Also on the bad end of the subtlety meter is the matter of the hair-ornament—calling it now that Ok-nyeo is probably the love child of the king, somehow, because how else would she have the same one the queen has and have the queen and her brother doing the best to murder her mom? Looks like they were worried about offing another possible contender to the throne.
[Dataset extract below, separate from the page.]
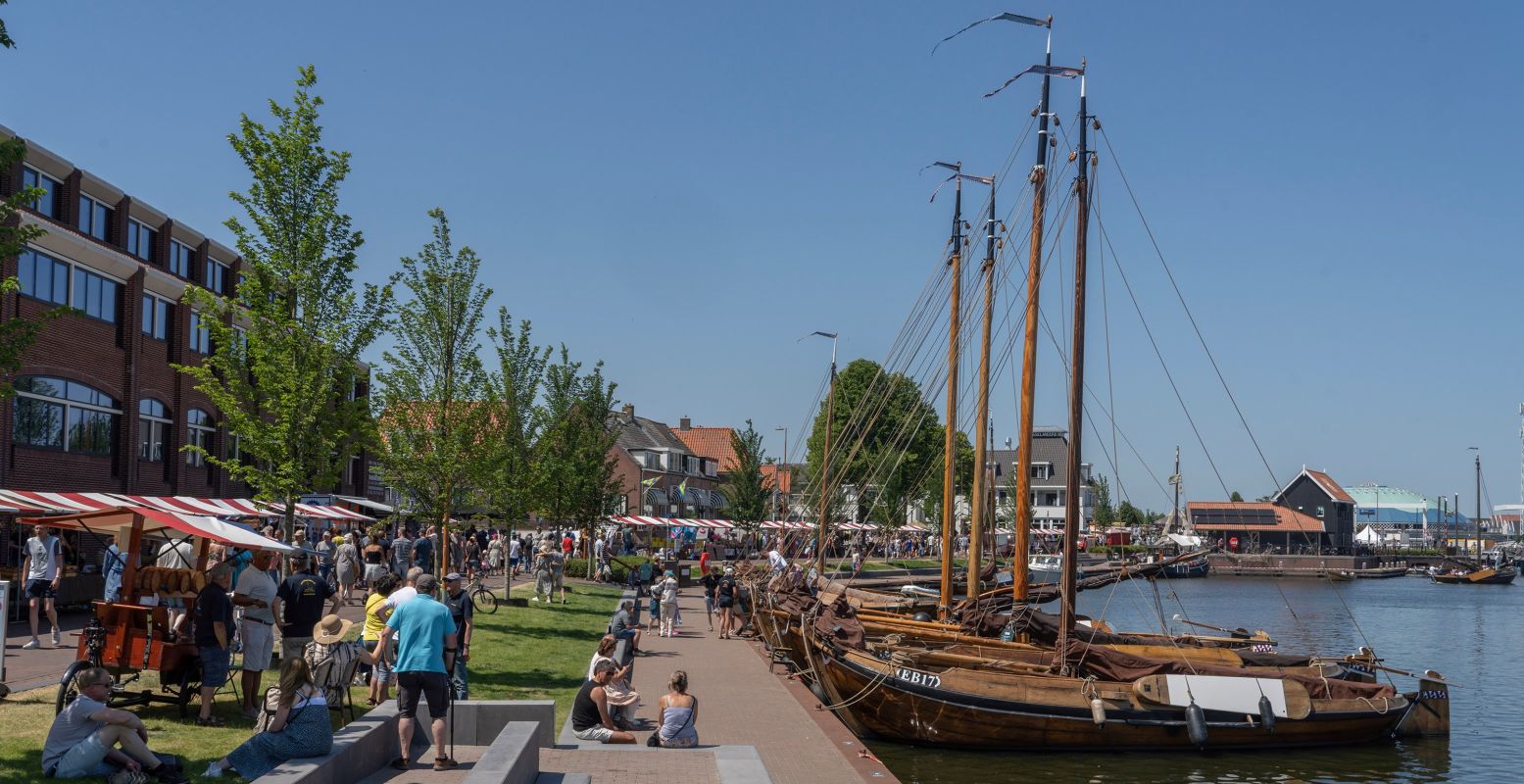 Bewonder de prachtige botterschepen langs de kade, die op vrijdag meedoen aan de traditionele Bokkingrace. Foto: © Ton Pors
There are a few touches I like—small details in prison life, like roll-call and the women working there to keep the prisoners and soldiers/officers fed. I’m extremely curious why the face reader/teacher has been in prison for fifteen years. I mean, he is clearly of the noble class, so why are you just hanging on to him for that long? Aside for him being Ok-nyeo’s teacher. I’m used to sageuks going with exile, death-by-poisoning, clandestine murder, enslavement, and/or state-sanctioned beheading to get rid of troublesome nobles. So what did he do that was bad enough to get a long prison sentence but not bad enough to get dealt one of the earlier cards?
Which reminds me of Nan-jung, our obligatory gisaeng with absolutely no fear and a thorough understanding of the law. Why’d you get thrown in jail and then let go? And what are you going to do for the story in the future? I’ve honestly got no clue—for a while, I thought you might be revealed to be Ok-nyeo’s mother or maybe her teacher, but those roles have been filled by others. I hope you get lots of screen time because even though you weren’t around for very long, you grabbed my attention.
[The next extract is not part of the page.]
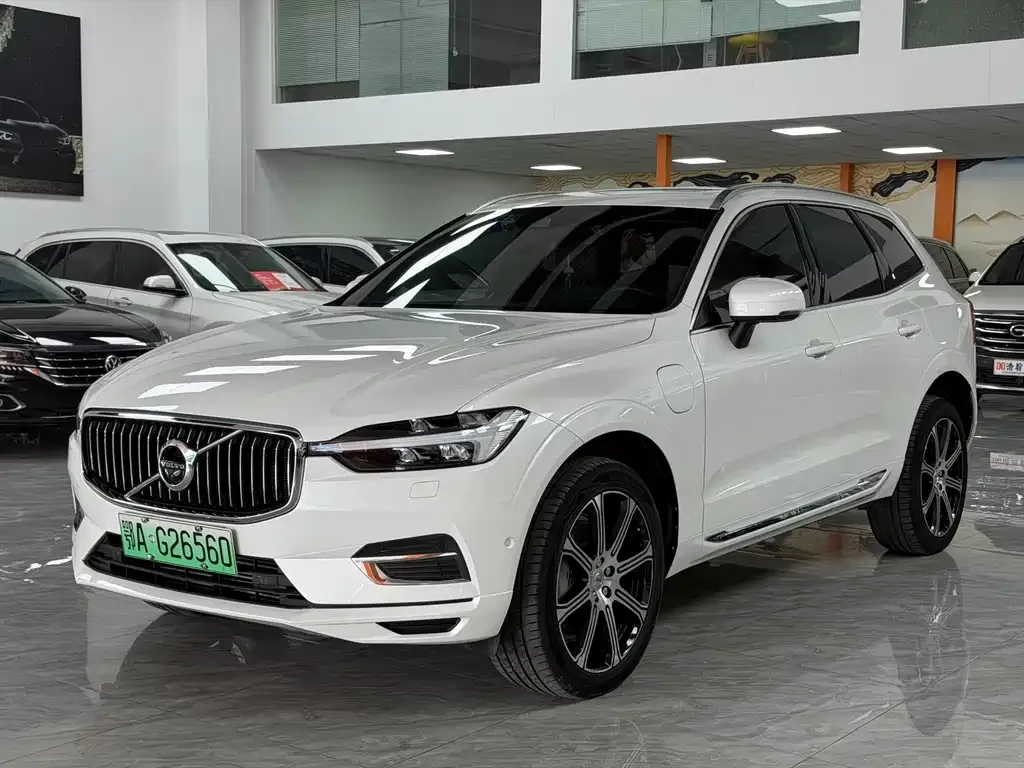 2021 Volvo XC60 T8 PHEV Luxury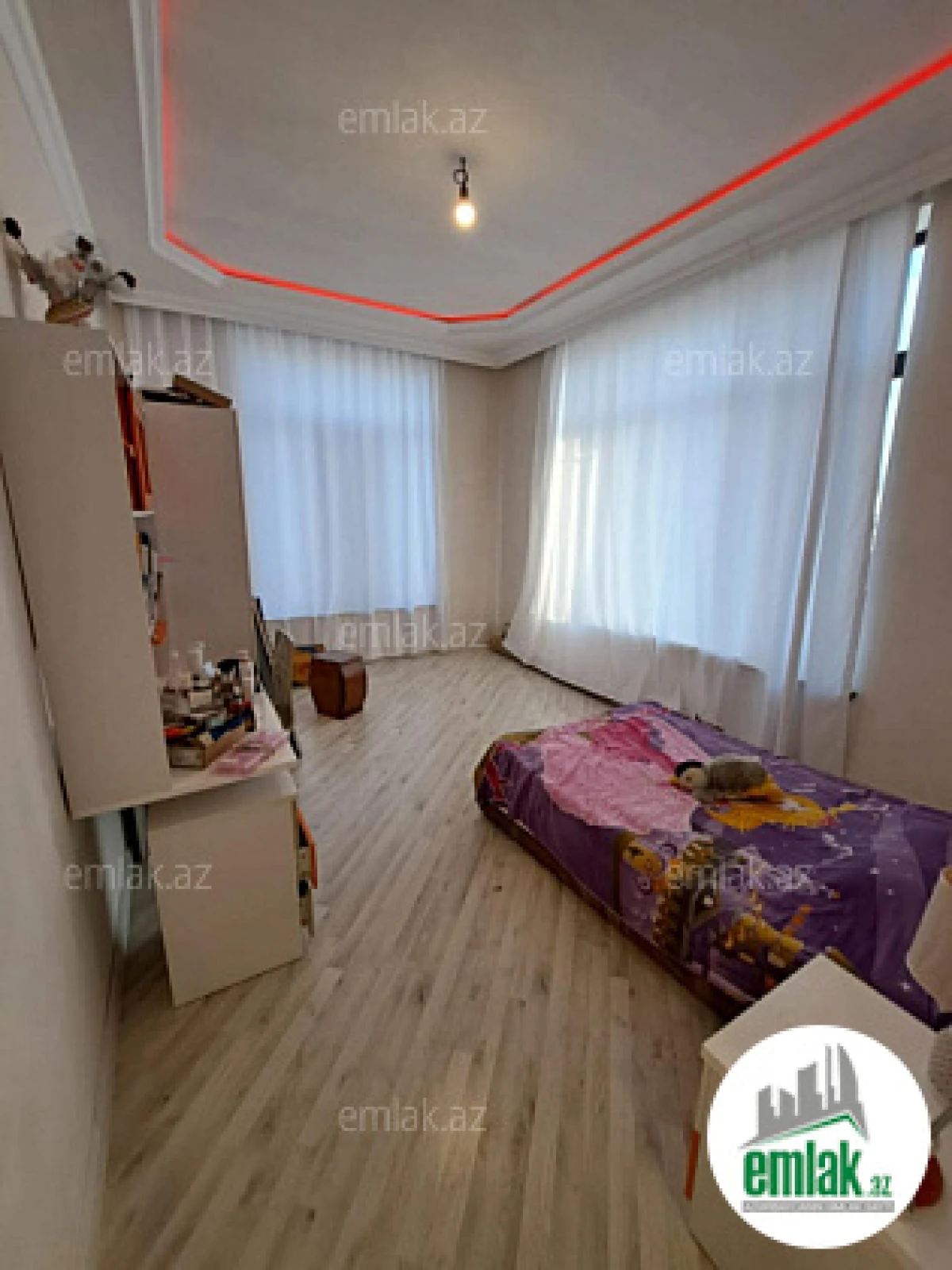 Satılır 5 otaqlı həyət evi 253.4 m²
The Flower in Prison is also setting the stage hard and fast for law, law, law everywhere, from Nan-jung snarling at the prison chief about how he didn’t have the legal right to beat the prisoners to Ok-nyeo spouting some lesser-known laws and rules in order to further a scheme to help her adoptive father. I expect we’ll get a lot more title cards explaining law terms as we go on; with any luck, they’ll be used cleverly.
Ok-nyeo hasn’t had much screen time so far, but I like this younger actress and the start of her character. I’m always up for tiny girls picking up skills no one expects them to have, whether that’s pickpocketing or lawyering or face-reading(?). Here’s hoping she continues to acquire these skills and that she gets to use them once we transition to the main timeline. I want to believe it when she becomes the heroine of the people. We’ve got the start of a good foundation so far—please don’t screw it up.
By the Numbers
- Death by childbirth: 1
- People who attempted to be noble and died for it: 2
- Story-significant prisoners: 3
- Bechdel Test: 1* episode passed
*I’m pretty sure both those palace ladies who talked to Ok-nyeo had names, but for the life of me I can’t tell you what they are. Next episode!